Return each entry below word for word, leaving out any image.

● **Study material**:
·····

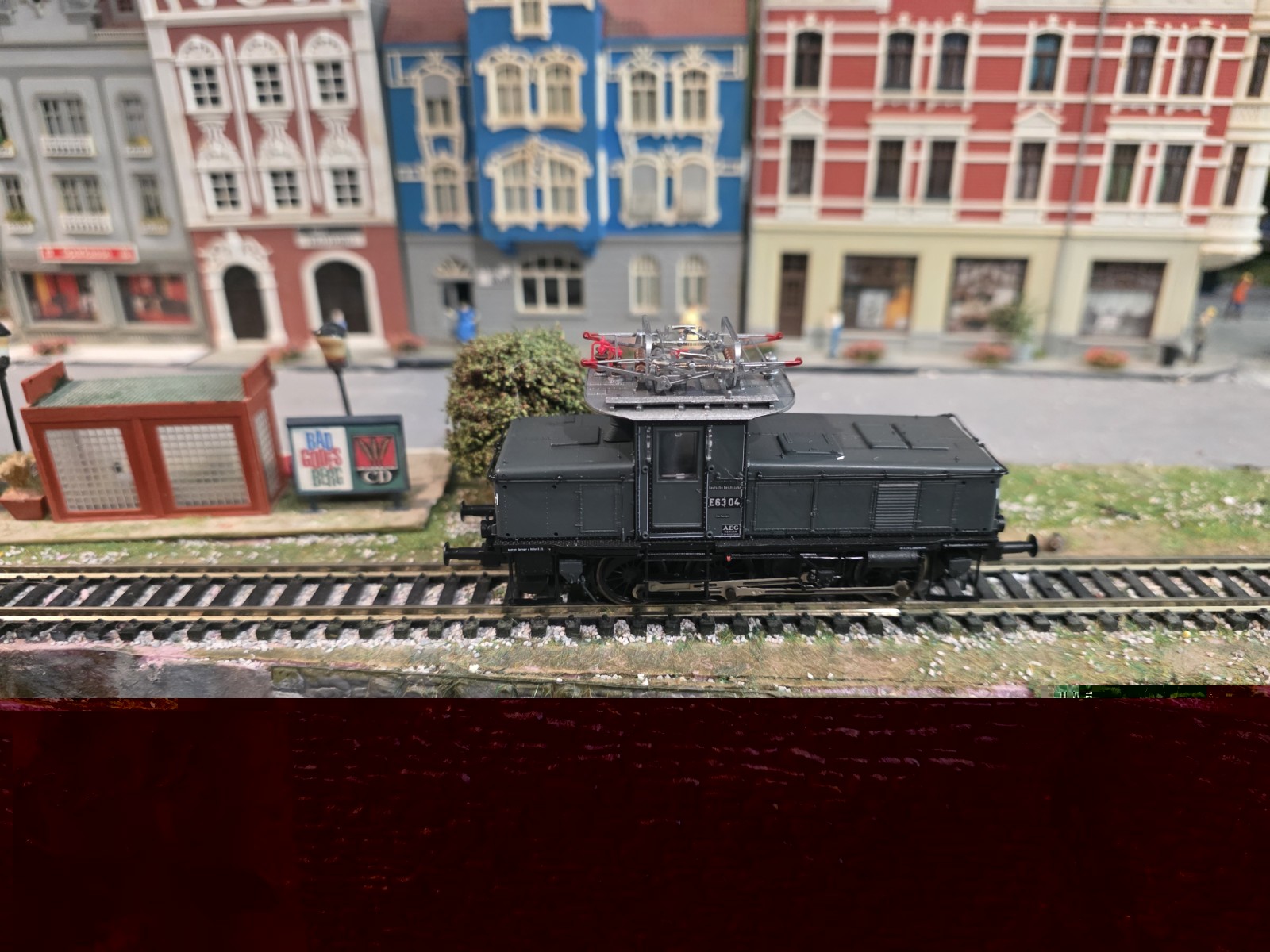 Piko DR E63 Electric Locomotive 51073 HO Scale DCC Ready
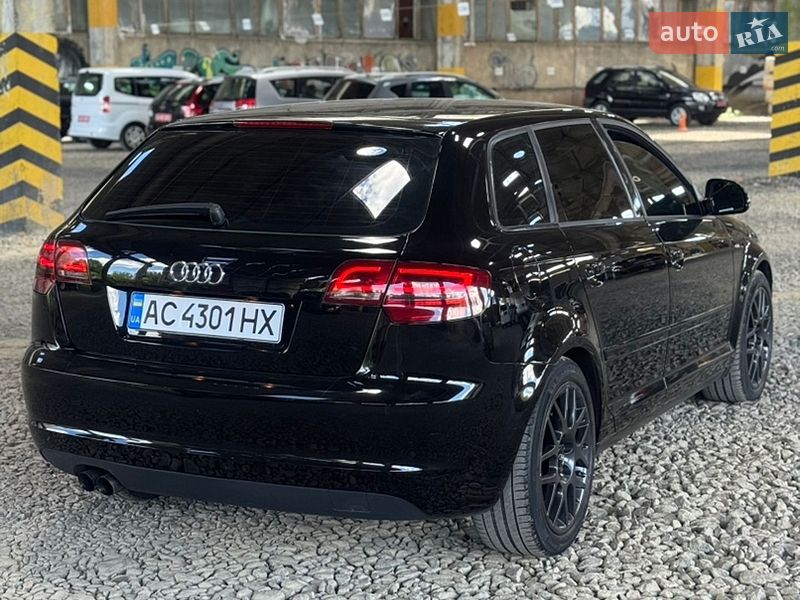Хетчбек Audi A3 2008 в Луцьку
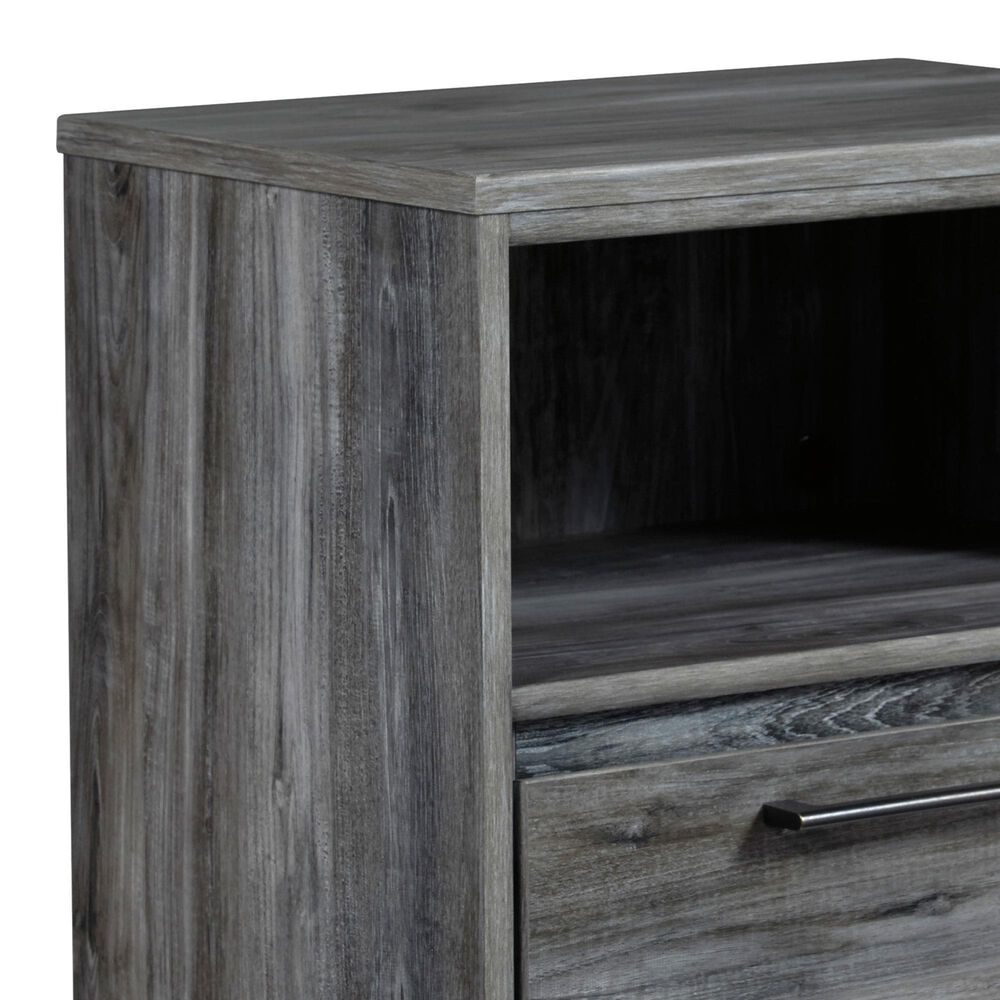 Ashley Baystorm 5-Piece Queen Bedroom Set in Gray, , large
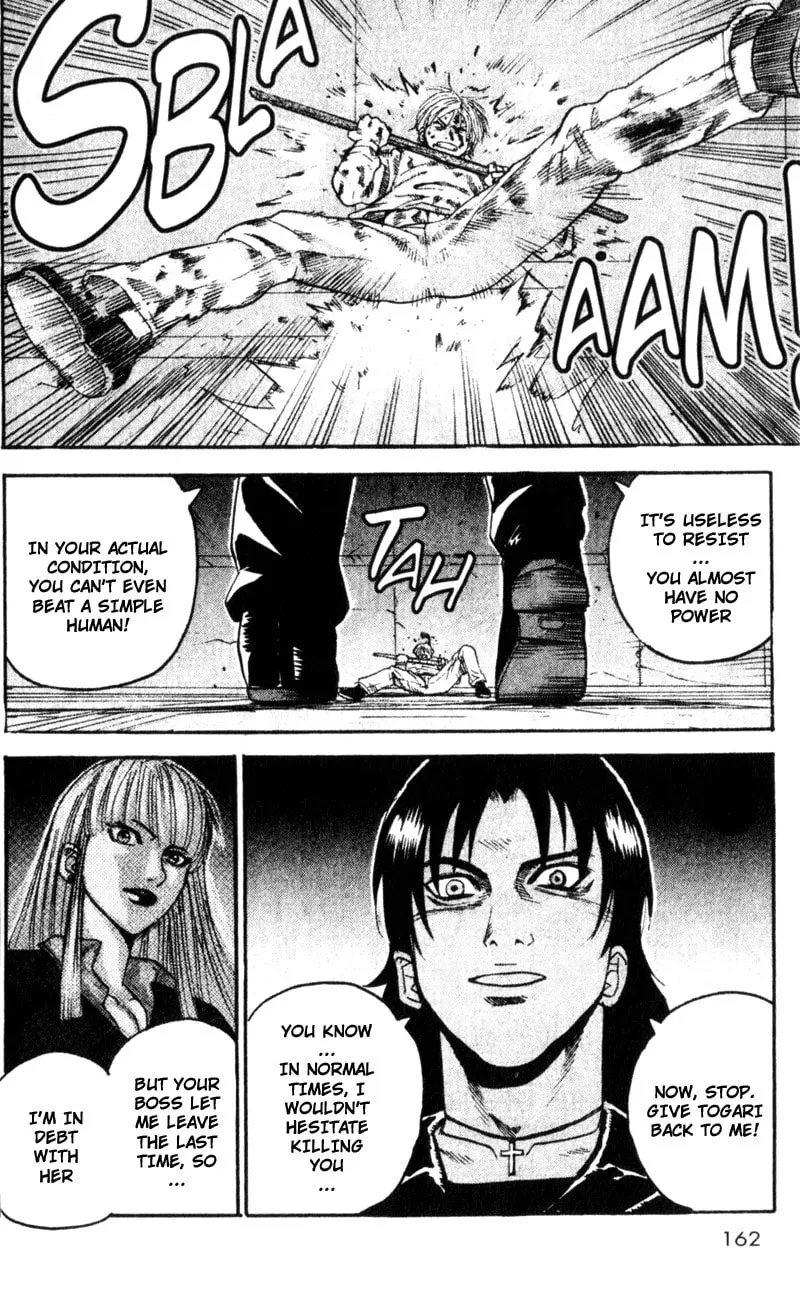 Read Togari chapter 58 image 12 on Lezhin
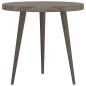 vidaXL 3-tlg. Beistelltisch-Set Grau MDF und Eisen vidaXL 3-tlg. Beistelltisch-Set Grau MDF und Eisen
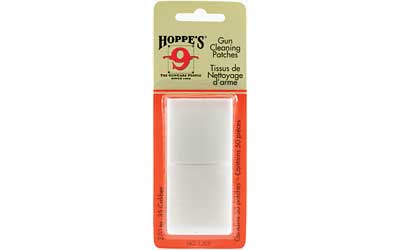HOPPES CLEANING PATCH #3 FOR .270-.35 CALIBERS 50 PACK - for sale
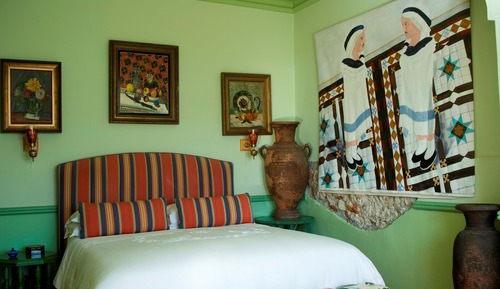 Habitación marroquí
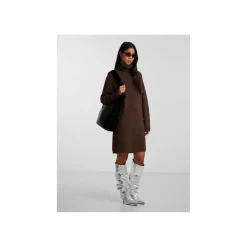 Pieces Kleedje Bruin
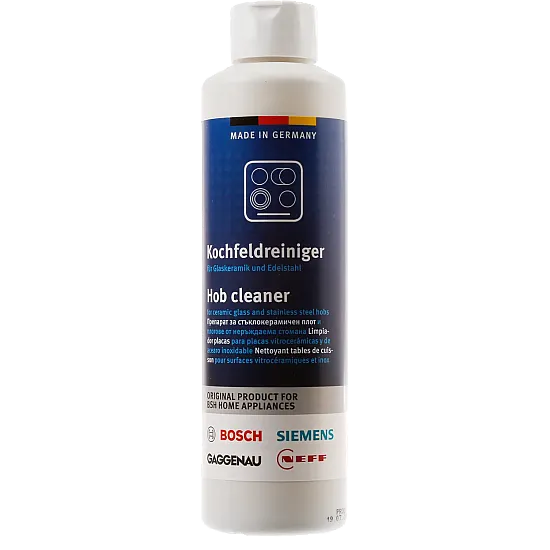 Glaskeramikreiniger für Ceran-, Induktions- und Edelstahlkochfelder 00311896 Glaskeramikreiniger für Ceran-, Induktions- und Edelstahlkochfelder 00311896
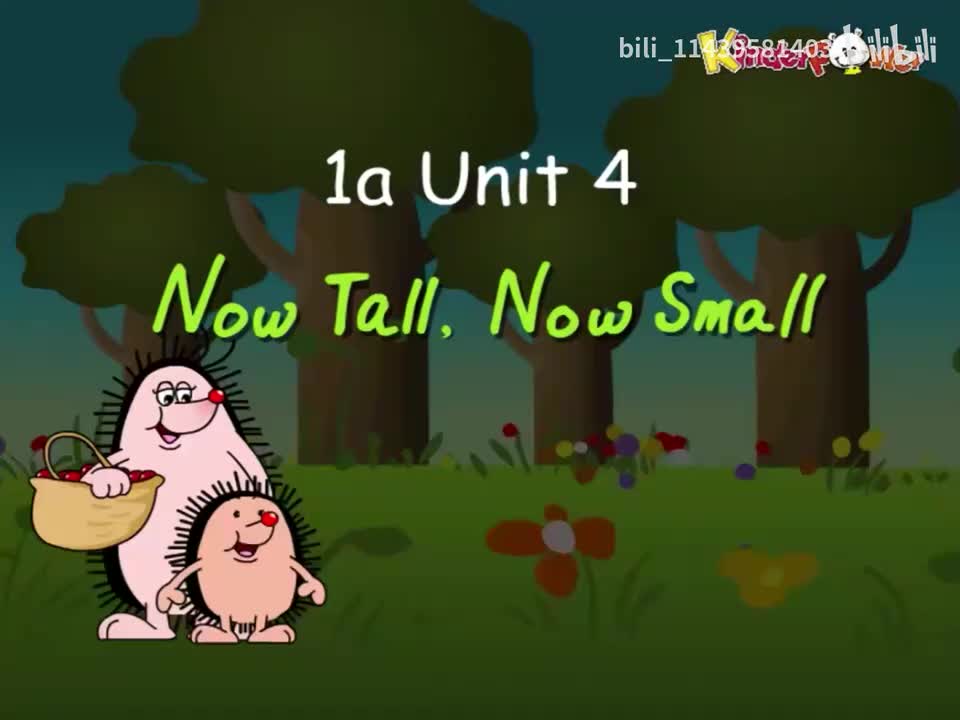 1a Unit 4-Now Tall,Now Small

·····

● **Exercise result**:
 Piko DR E63 Electric Locomotive 51073 HO Scale DCC Ready
Хетчбек Audi A3 2008 в Луцьку
 Ashley Baystorm 5-Piece Queen Bedroom Set in Gray, , large
 Read Togari chapter 58 image 12 on Lezhin
 vidaXL 3-tlg. Beistelltisch-Set Grau MDF und Eisen vidaXL 3-tlg. Beistelltisch-Set Grau MDF und Eisen
HOPPES CLEANING PATCH #3 FOR .270-.35 CALIBERS 50 PACK - for sale
 Habitación marroquí
 Pieces Kleedje Bruin
 Glaskeramikreiniger für Ceran-, Induktions- und Edelstahlkochfelder 00311896 Glaskeramikreiniger für Ceran-, Induktions- und Edelstahlkochfelder 00311896
 1a Unit 4-Now Tall,Now Small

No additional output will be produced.